Les acteurs de ce drame ont gardé le silence et ils sont aujourd’hui décédés. Leurs enfants soit n’étaient pas présents, soit étaient trop jeunes. Dans les familles traditionnellement à droite ou socialistes, on se plait à évoquer un règlement de compte entre communistes [C’est aussi l’opinion du fils Boissier, mais une véritable haine idéologique et personnelle opposait l’instituteur Boissier au postier Bru !]. Chez les communistes en revanche, on dénonce l’anti-bolchevisme des « gens de Villiers » chargés d’empêcher que les communistes ne réoccupent la mairie de Draveil.
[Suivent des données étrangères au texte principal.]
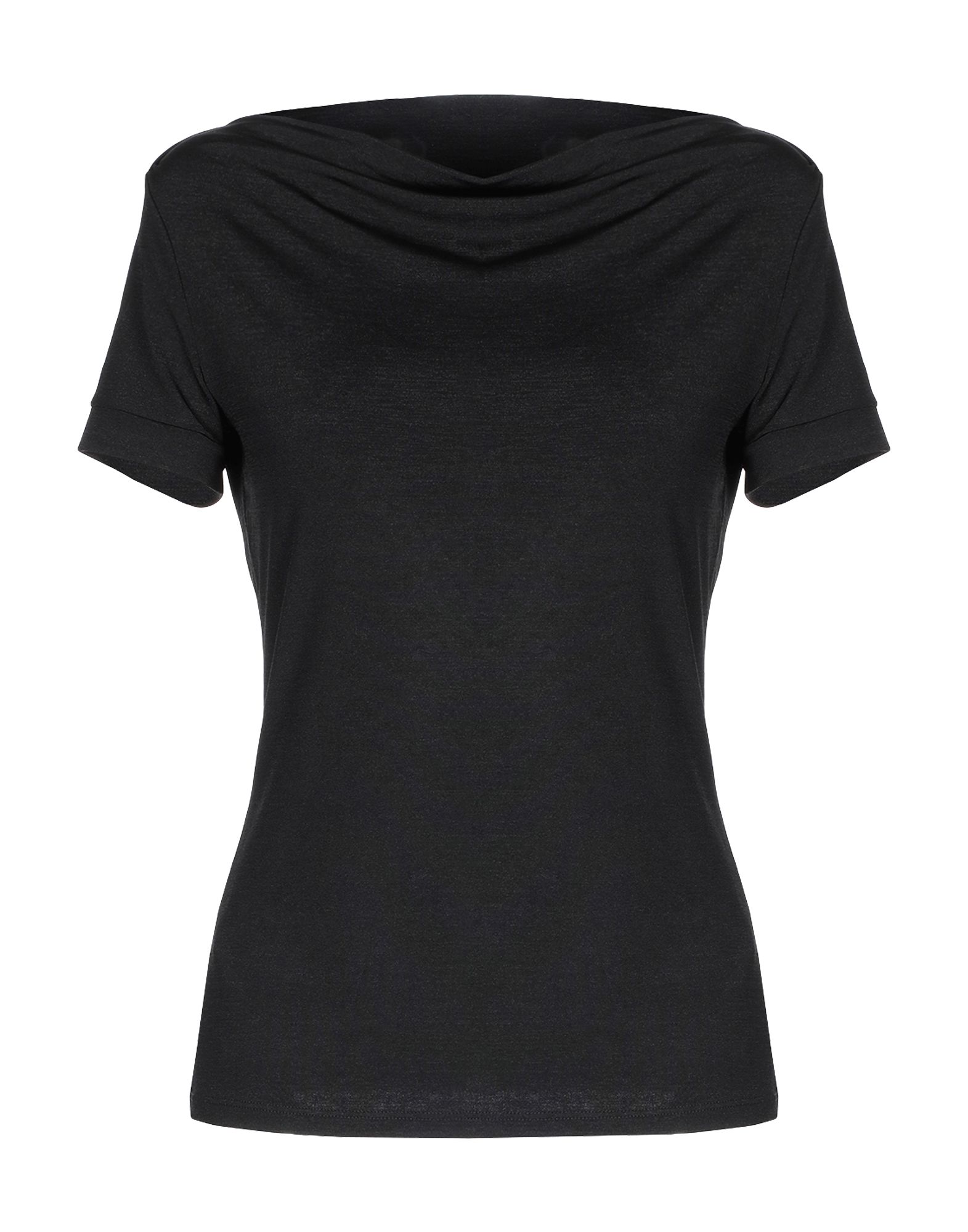 Футболка ARMANI EXCHANGE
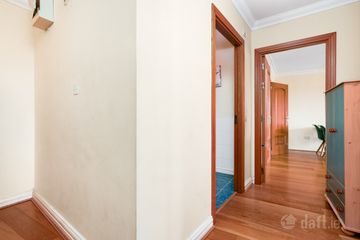 37 Swifthall, Collegewood, Castleknock, Dublin 15 — photo 3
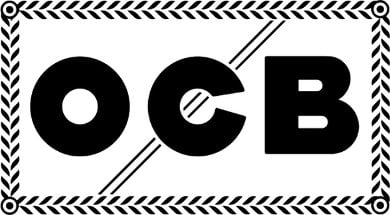 OCB-logo_min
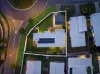 2 McMahon Drive, Pimpama, Qld 4209-Image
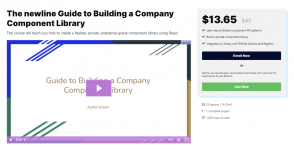 1756469841598.png 1756469841598.png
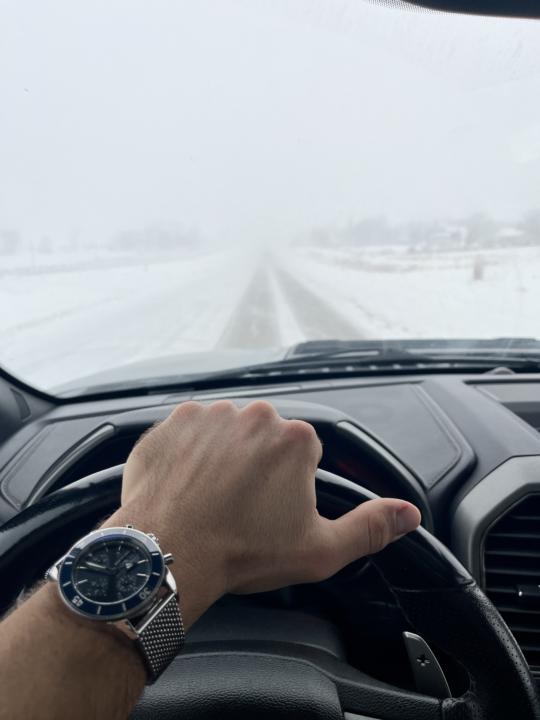 When one call replaces 1,000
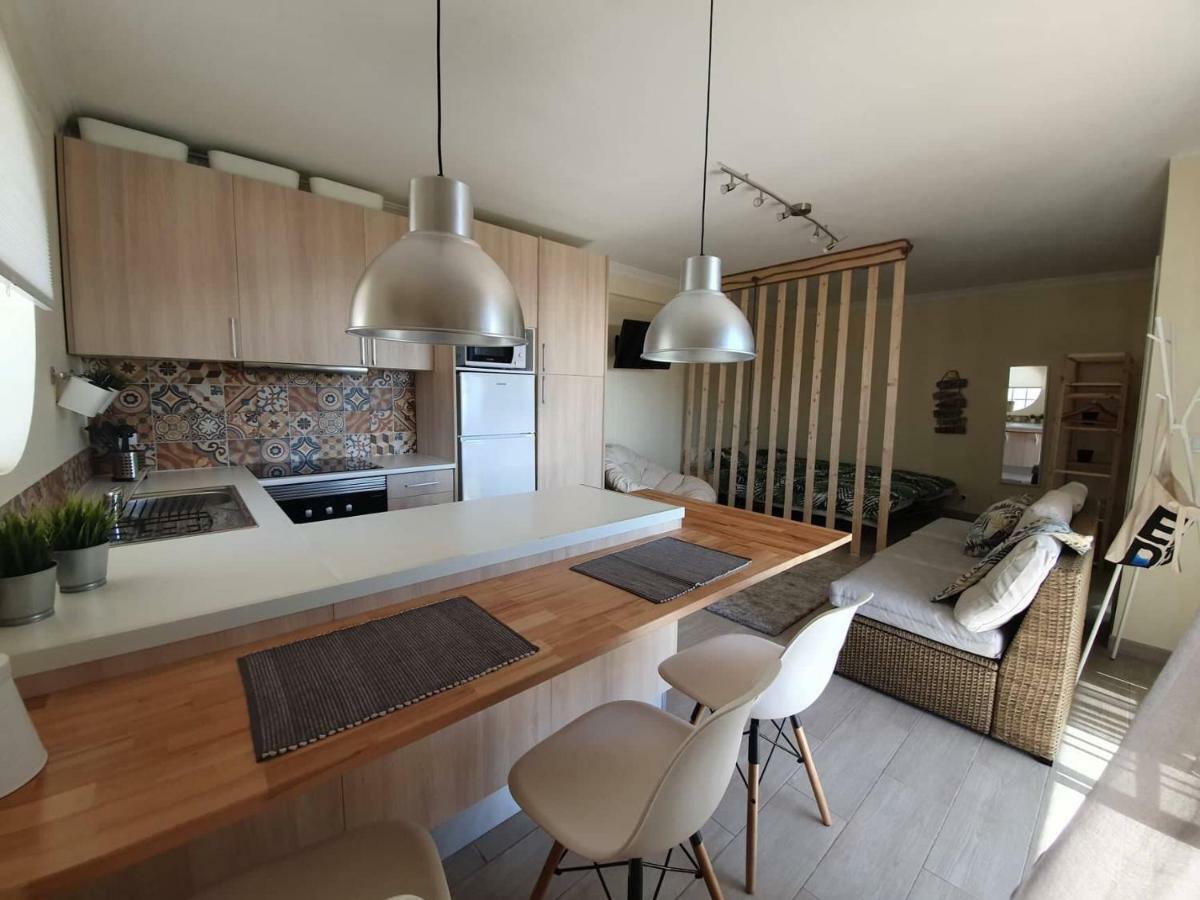 Ericeira Villa'S Zewnętrze zdjęcie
Certains accusent même Chavane d’avoir liquidé le chef d’un groupe de résistants allemands, communistes et juifs, qui s’étaient réfugiés en forêt de Sénart. Il y aurait eu enquête et non-lieu.

Pour citer cet article :
https://maitron.fr/spip.php?article18043, notice BRU Léon, François par Jacques Macé, version mise en ligne le 20 octobre 2008, dernière modification le 22 janvier 2017.

Par Jacques Macé

SOURCES : Deuxième « lettre ouverte » aux ouvriers communistes (mai 1942), 32 p. — Jacques Macé, Draveil, août 1944, enquête sur une drame de la Libération, auto-édition, 2009. — Renseignements d’État-civil. — Enquête à Draveil. — Son acte de décès ne comporte pas de mention de décès. — Martine Garcin a fourni copie d’un PV de M. Guy Denis Juge CO Judiciaire du 4 octobre 1945 qui met en cause le Colonel Chevert, installé au château de Villiers à Draveil, dans l’exécution des nommés Halluin et Bru et "d’autres personnes", "ceci après le passage des Américains alors que ces personnes étaient prisonnières et désarmées". Il évoque aussi un certain Zimmer, fusillé sur ordre du colonel Chevert le 17 août 1944.